Scrivere un manifesto oggi non solo è obsoleto e abbastanza ridicolo, ma se questo è addirittura preso sul serio la cosa può persino apparire quanto mai terrificante. Questo perché ogni manifesto ha in sé, in forma più o meno latente, la pretesa di totalità. Una totalità stringente, asettica, asfissiante, programmatica, unica incarnatrice dello zeitgeist, della verità, della giustizia, del pensiero, parole che abbiamo troppo a cuore per lasciarle amputare da un’aggressione concettuale che trova in una presunta mitologica purezza l’essenza stessa del proprio abominio.

2duerighe è una testata di approfondimento pluralista e indipendente:

il nostro obiettivo è quello di proporre ai nostri lettori informazioni con il più alto grado di lealtà, consapevoli sin dall’inizio che l’obiettività è solo un mito, un modello ideale a cui tendere mai raggiungibile nei fatti.

La nostra indipendenza, la libertà di cui ci facciamo portatori e che estendiamo ai nostri collaboratori, i quali non hanno traiettorie politiche o culturali da seguire in senso forte, non si traduce in uno sterile “dico quello che penso” ma in un’autoriflessione sul proprio modus operandi, un’autocritica e una vigilanza costante sul proprio punto di vista, sapendo sin dalla genesi la natura orientata di ogni postura intellettuale.

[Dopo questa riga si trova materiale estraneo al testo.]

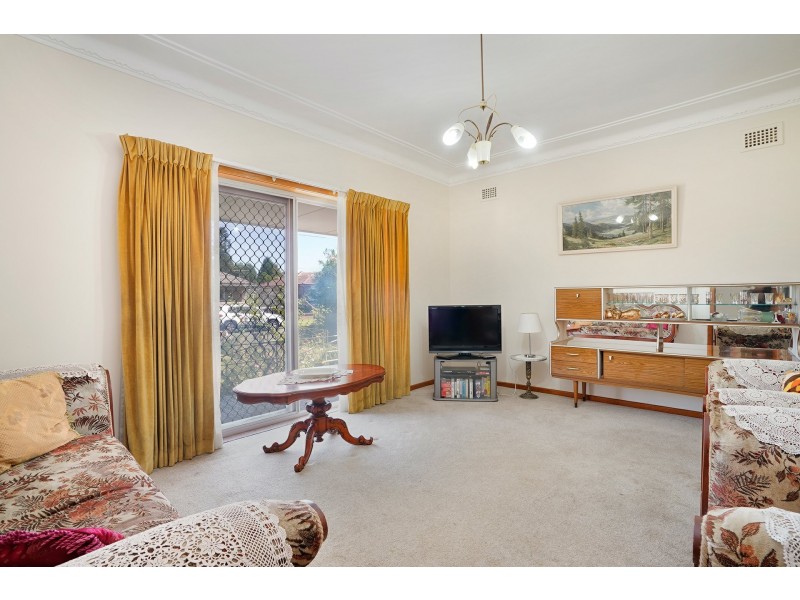 11 Ogmore Court, Bankstown NSW 2200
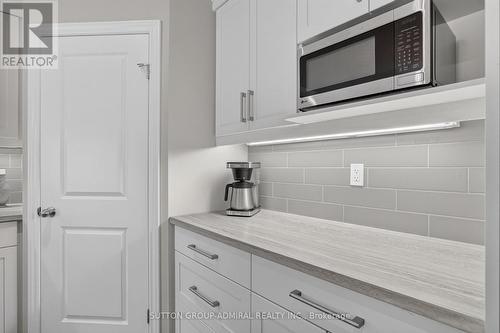 7 Chatfield Street, Ingersoll, ON - Indoor Photo Showing Kitchen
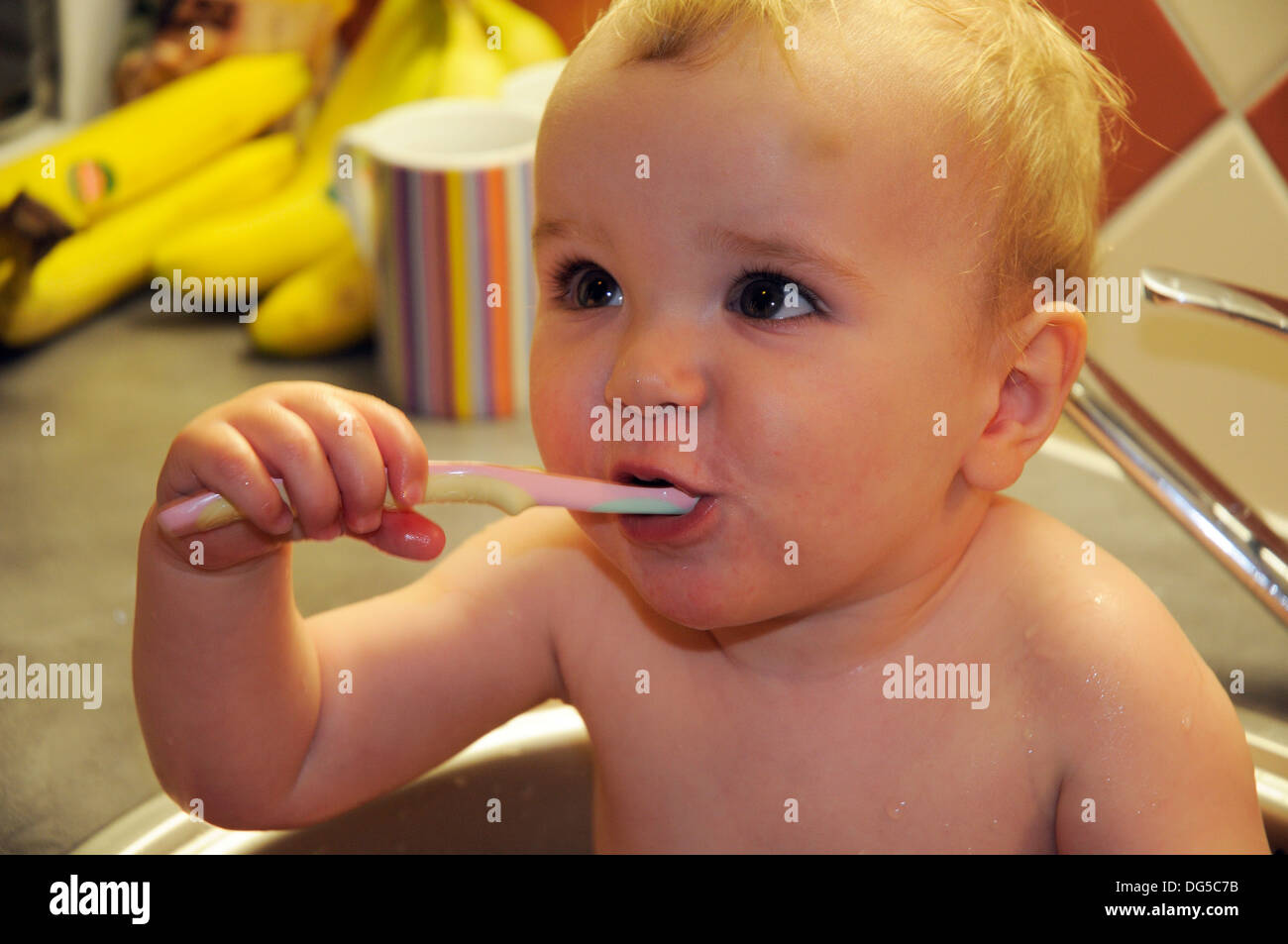 Einen kleinen Jungen, der seine Zähne putzen Stockfoto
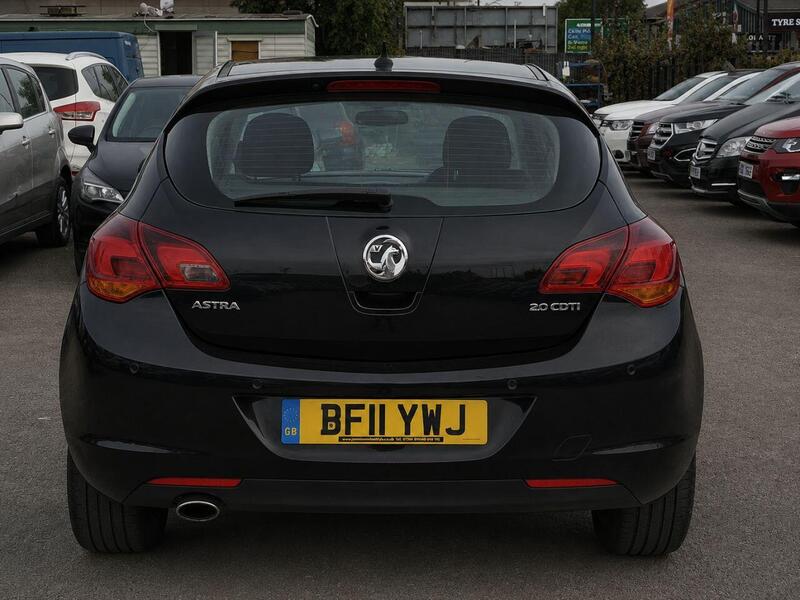 Vauxhall Astra view 3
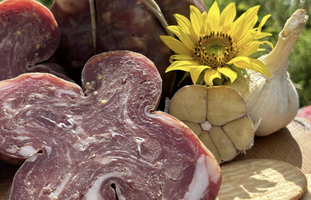 М'ясо та ковбаса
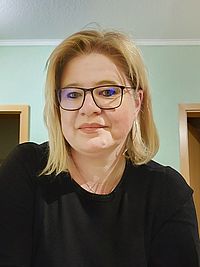 Dr. Kristina Bayer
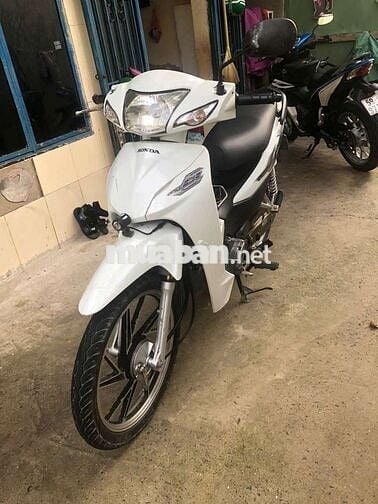 Bán 2 xe trong hinh. 21,5tr . 2 xe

Non si può rimuovere il punto di vista, è arrogante solo pensarlo, tuttavia si può fare in modo che questo non diventi l’unica visione del mondo possibile e soprattutto che non diventi un’essenza che naturalizza la cultura impedendo ogni forma di dialogo. Il rispetto dell’altro, delle posizioni differenti, delle diverse sensibilità, diventano un imperativo metodologico che garantisce un corretto rapporto con la notizia e una convivenza feconda tra varie posizioni; ovviamente se tutto si riducesse a questo la nostra linea si trasformerebbe solo in uno sterile appiattimento della differenza stessa, c’è bisogno che queste differenze si incontrino e si riproducano in un’unità qualitativa che deve crescere sempre.

Il regime comunicativo è la cifra dell’epoca in cui ci troviamo a operare e il giornalista contemporaneo non può che confrontarsi con questa realtà. Noi crediamo che la comunicazione possa aiutare l’informazione rendendola accessibile e permeabile non solo agli addetti ai lavori, tuttavia quando la comunicazione eccede e si risolve in se stessa allora succedono dei pasticci, dissolvendo sia l’informazione che il reale in senso esteso.

L’informazione deve sempre prevalere sulla comunicazione, quando questo non accade il giornalismo si trasforma in bassa letteratura e la notizia in romanzo d’intrattenimento. Preferiamo stimolare la ragione che eccitare gli animi e anche se sappiamo che è proprio l’emozione il motore del consumo, preferiamo aprirci a soluzioni che produrre indignati, intendendo la conoscenza come pratica di liberazione, come un grande esorcismo laico per il quale vale la pena scommettere.

La mentalità “democratica” in cui crediamo e che apre alla differenza senza tentare di risolverla si struttura e corporifica sull’unità della ragione e non sulla naturalizzazione delle differenze stesse. Cultura e identità non sono essenze che cadono sull’uomo come un destino ineluttabile, non sono sovra determinazioni biologiche irriducibili, ma realtà aperte e negoziabili, possibili sulla base dell’unità della natura umana e pertanto soluzioni soppressive o esclusive dell’altro sono solo la faccia oscura di una medaglia che sostituisce all’autocoscienza, l’autogiustificazione, al dialogo il dominio o l’elisione.

Tra il dire e il fare in questo caso non c’è di mezzo solo il mare, ma costellazioni e universi, tuttavia seppur distanti gli obiettivi una volta chiariti possono trasformarsi in un grande magnete capace non di determinare, ma di orientare l’agire e l’operare professionale. Un metodo che opera su larga scala e che può trasformarsi all’occorrenza in misura d’analisi e occasione di riflessione.